The dusty wastelands and CGI interfaces stick out after the fancy homes and apartments of the prior shorts, and there is even some technobabble. Otherwise, it is 1979’s Mad Max without the title character. Just survivor stress as the band barely stick together in search of their sanctuary. It has the quickest pace of the shorts, with plenty going on from the start. The visuals are not half-bad either – better than some feature-length flicks. The drama is not as strong as IN/FINITE or Seed, but it still holds up. In fact, it might have been the strongest film overall if it was not for the ending: no clues this time, it just stops.
Not to be excluded, there is also Redux by writer and director Vitaly Verlov (Forever After 2011) has a scientist (Russell Bradley Fenton: PawParazzi 2018) trying to send a message back in time before he can be caught by his boss (Roberts) and his security team. That is pretty much it. There is not even much dialogue, but plenty of its Refn-meets-Vangelis soundtrack. While it is technically sound, and Roberts gets a payday, one could hit Skip on the DVD remote or on-screen player by accident at the start and not miss a thing.

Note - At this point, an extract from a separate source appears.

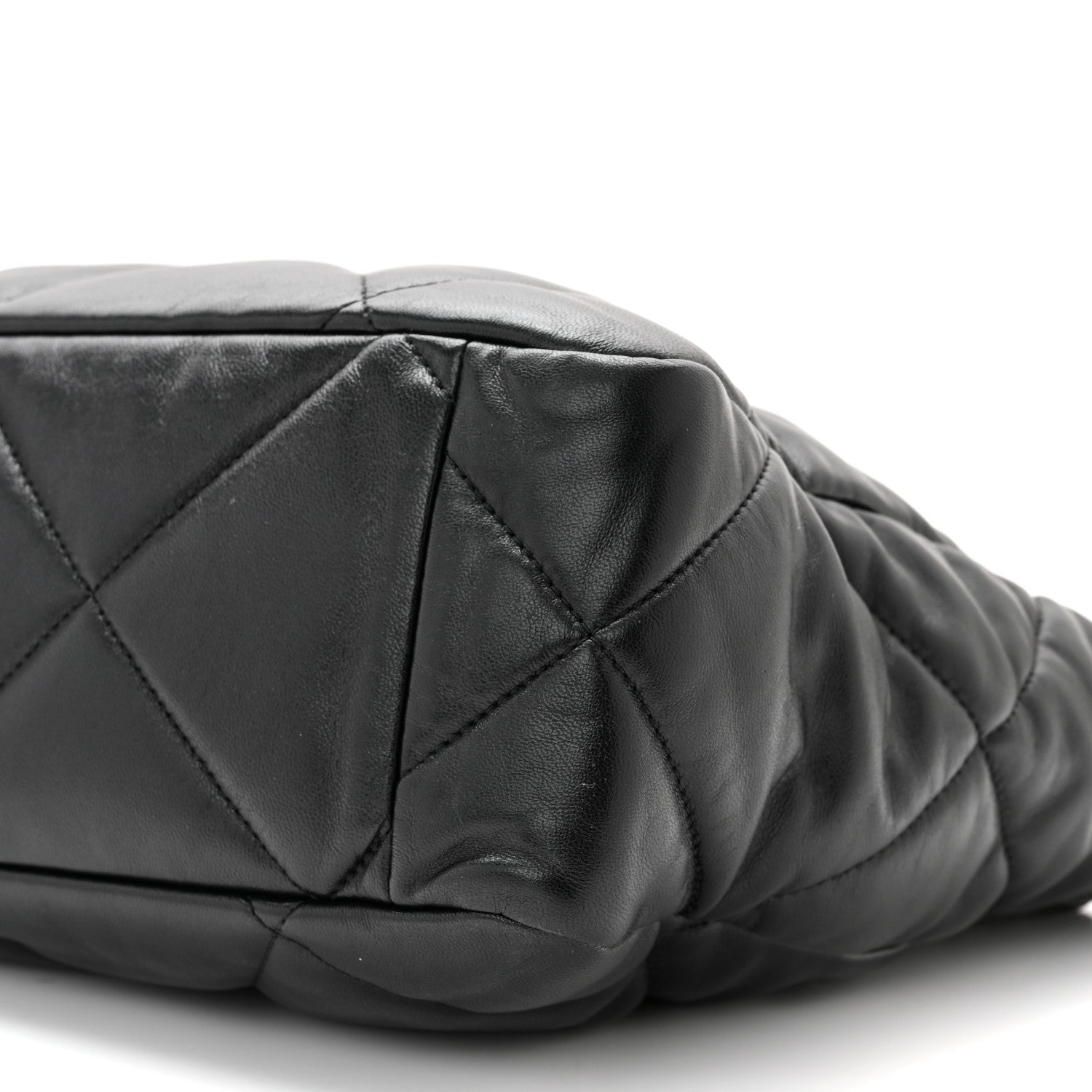 Chanel Lambskin Quilted Chanel 19 East West Shopping Bag Black 10 of 10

This is where things get weird. Some of the pre-release info of the film said there would be an extra short by French Director Marc-Henri Boulier (All Men Are Called Robert 2010)- likely his 2015 A.I. film Juliet, but that is not what is on offer. The final short is the pilot episode of 2017’s New York 2150 series, written and directed by Harry Assouline (Conundrum! 2018). Here, a bounty hunter named Jayden Jaxon (Kalen J. Hall: The Kidnapping of a Fish 2016) teams up with ex-cop Mac Cole (Marcus Brandon: In the Shadows of Sugar Hill 2017) to take down a serial killer for a good price.
It has the heaviest Sci-Fi theme of all the shorts- flying cars, space stations, spaceships, and other fancy doodads. And while they do not look as high-end as Phoenix 9, they manage to mostly hold up. Unfortunately, the acting is not as hot as in the prior shorts, and the dialogue is rather cheesy too. Despite all of this, New York 2150 manages to be entertaining in that corny, Action movie way. The biggest bugbear is the ending, which is left open because other episodes were meant to carry the story.
So, 5 Galaxies is a very mixed bag. Seed and IN/FINITE have legit cinematic chops, though they are rather slow-paced. Phoenix 9 had the pace and okay drama, but somehow disappeared into another dimension before the goal line. One could blink and miss Redux altogether, and New York 2150 is cornball gold. It does not help that only one short – IN/FINITE – has a straightforward ending.
Overall, Sci-Fi fans might be entertained, though even they would be best advised to stick to catching it digitally or see if the best shorts have separate releases elsewhere. Because as a total package, Cryptic Rock gives 5 Galaxies 3 out of 5 stars.